They don’t make songs like they used to.
That was the best!
Things don’t have the same build quality.
Things used to be so cheap, those were the good times.
Football has been ruined these days; the good old days had all the excitement.
Puja does not give me the same feeling anymore, it’s too commercialised.
Is there anyone who hasn’t heard these statements? Only some are objectively true but all are rooted in nostalgia, in our yearning for the past.
The roots of nostalgia
Does nostalgia serve any psychological purpose? Is it good or bad? Are we more nostalgic today because we live hectic lives in an ultra-connected world? Or are these convenient excuses to help us feel better about some imagined “good old days”, like Manna Dey’s assertion, “Coffee House-er shei adda-ta aj ar nei”.
Research in psychology has shown that people engage in nostalgic loops when they are feeling low. Why? Because nostalgic loops recreate the good in their pasts, gives them confidence and boosts their mood. This is because through experiments we know that nostalgia is overwhelmingly positive. It improves one’s mood and increases our sense of meaning in life by taking us back to our accomplishments. A study asked people to reminisce about a positive personal memory, for example, the happiest and most memorable event of their lives. The moods of the participants were then assessed and showed immediate improvement.
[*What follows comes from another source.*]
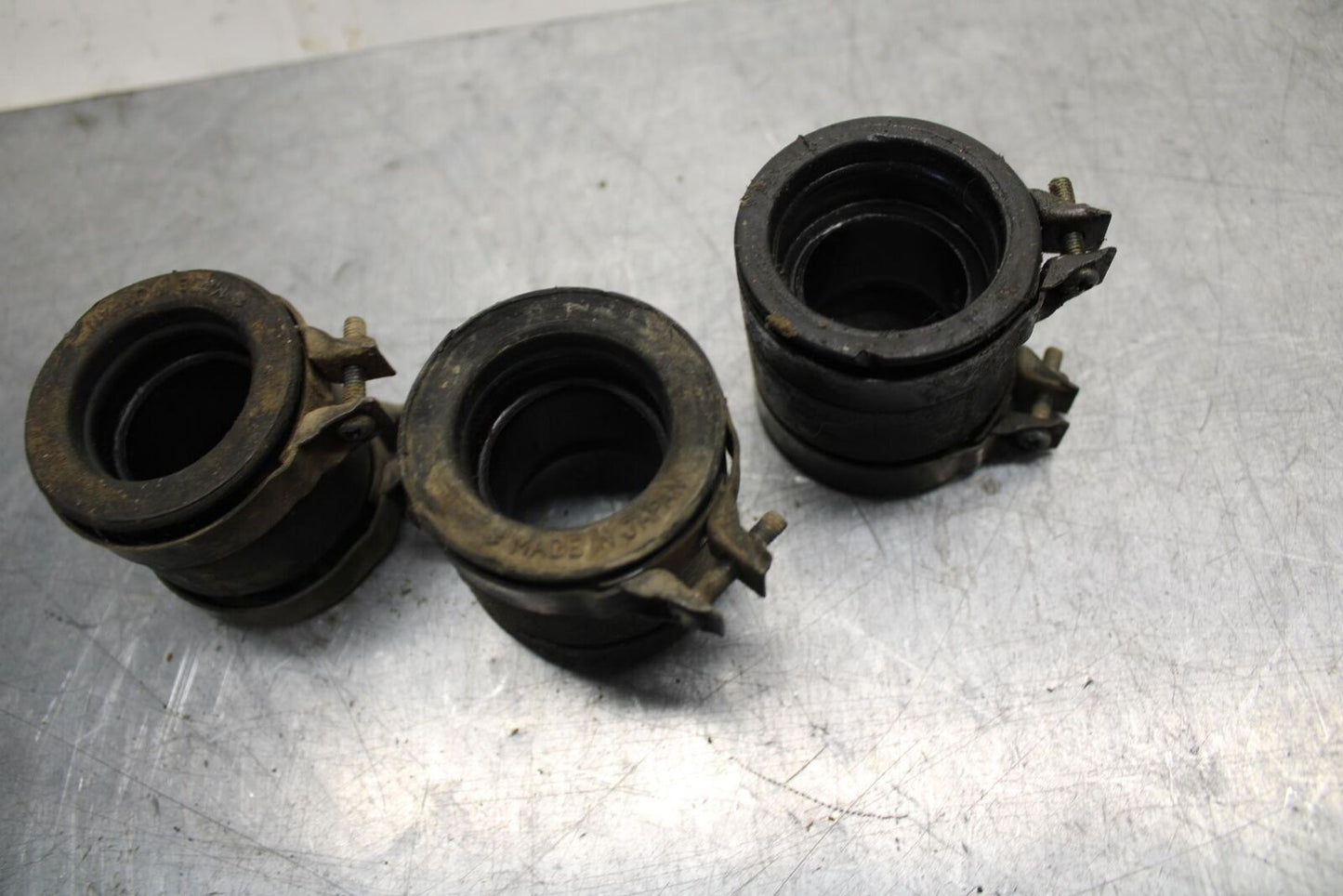 75 SUZUKI GT 550 INTAKE MANIFOLDS BB72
This only tells us about one time. Does nostalgia provide a positive boost in mood every time? To assess that psychology researchers took a snapshot of participants in real-time in what is called “experience sampling”. Over a few weeks, they got participants to record their emotions and the nostalgic feelings at that moment. Through this we learnt that people feel most nostalgic when they are with family and friends. This is typically due to ‘shared memories’ that a group of people have, and therefore, form the bedrock of their relationship. The other source of great nostalgia is memory triggers, like the smell of ‘that’ dish made by ‘that’ person or the strong feelings stirred by music.
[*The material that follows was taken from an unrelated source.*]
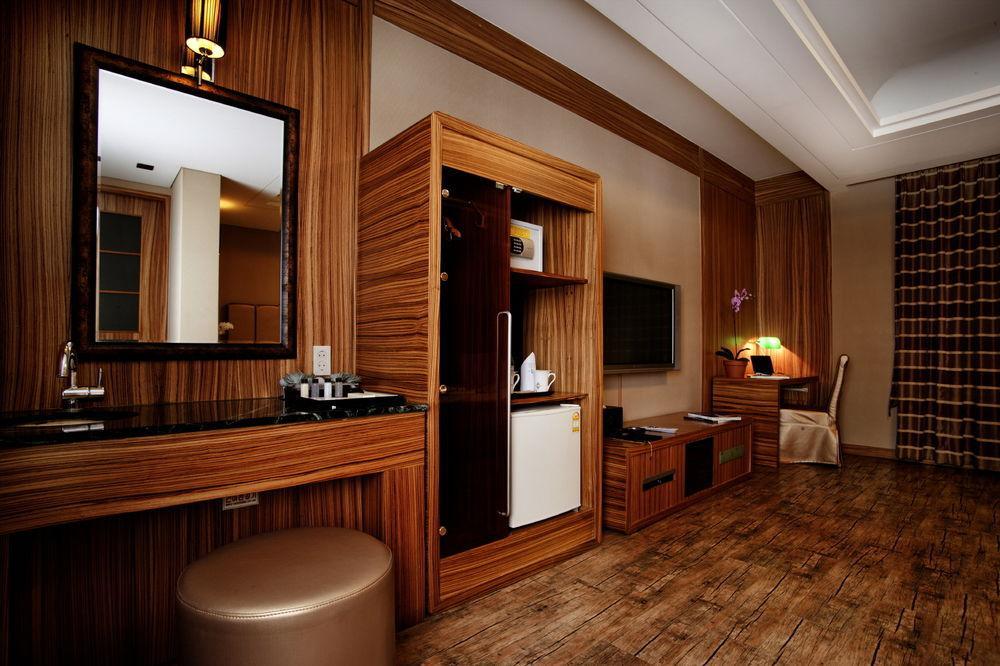 Polaris Hotel Bucheon Exterior photo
So nostalgia is a good thing, right?
For centuries, nostalgia was considered a sign of depression. ‘Living in the past.’ During the Spanish Thirty Years’ War in the 17th century, soldiers were often sent home because they showed “symptoms” of nostalgia. In fact, the word ‘nostalgia’ is formed out of ‘nostos’ (homecoming) and ‘algos’ (pain). The physician who coined the word, Johannes Hofer, labelled it as a mental disorder. The strict standards have changed over the centuries but nostalgia is still seen a bit negatively. Which might make us wonder, with all that is going on in our world, how bad a thing it really is to escape into the past.
The problem is when we are nostalgic about a time, we do not quite remember it as it really was. We recreate the time from memory, which means our brain attempts to join all the dots of the past. Attempt is the key word here, since our memory is often biased and reconstructs past events inaccurately. The inaccuracies are mostly designed to make us feel better. Not all experiences in the past may have been positive, but when we look back, we tend to think generally, as opposed to thinking about specifics, and essentially ‘paint’ our memories with a very broad nostalgic brush, removing the smaller negative details that had troubled us back then.
Nostalgia affords us a sense of continuity when little else does. But it becomes a problem, when we live only in our nostalgic version of the past. Looking back is tricky, because who we were is not necessarily who we are now. We think differently, feel differently and act differently. Even from a biological standpoint, we are different, because even the cells that make us have been recycled and changed. This, perhaps, is also the reason nostalgia is so important: it connects who we were to who we are. Perhaps even to who we want to be. Beyond the aesthetic value and the enjoyment we derive from it, nostalgia, occasionally engaged, can be a source of deep solace. As Gabriel Garcia Marquez wrote: “No matter what, nobody can take away the dances you’ve already had.”
Dr Sahen Gupta is a Kolkata-born, India- and UK-based psychologist who divides his time between mental health support and high-performance coaching. As the founder of Discovery Sport & Performance Lab, he works not only with Olympians and other top-level sportspersons, but also with CEOs and other professionals striving for excellence. Dr Gupta’s mission is to simplify complexities of the mind into actionable and simple ‘doables’ that allow individuals to be mentally fit.